* Data excerpt
<<<<
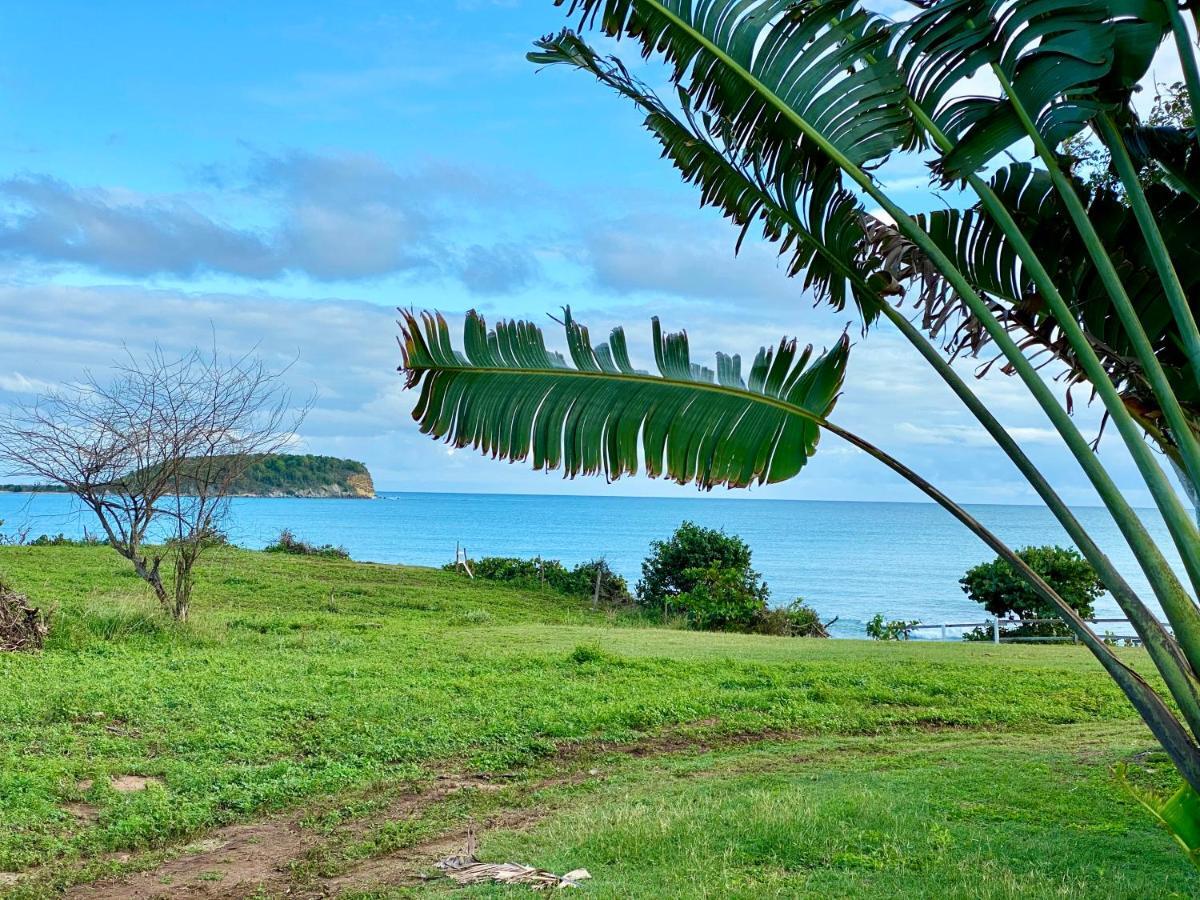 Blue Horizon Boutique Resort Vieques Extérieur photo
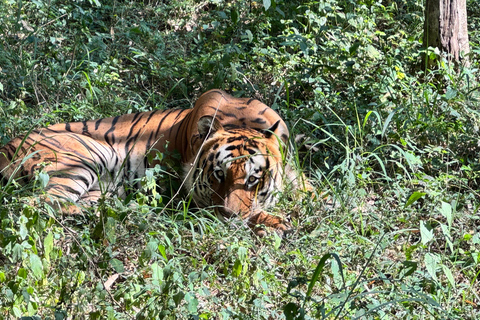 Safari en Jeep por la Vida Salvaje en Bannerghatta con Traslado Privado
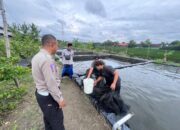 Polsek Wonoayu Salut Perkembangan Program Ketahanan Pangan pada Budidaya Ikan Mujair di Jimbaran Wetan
>>>>
* What is being asked
Write out the data once more exactly, omitting the pictures.

* Written answer
 Blue Horizon Boutique Resort Vieques Extérieur photo
 Safari en Jeep por la Vida Salvaje en Bannerghatta con Traslado Privado
 Polsek Wonoayu Salut Perkembangan Program Ketahanan Pangan pada Budidaya Ikan Mujair di Jimbaran Wetan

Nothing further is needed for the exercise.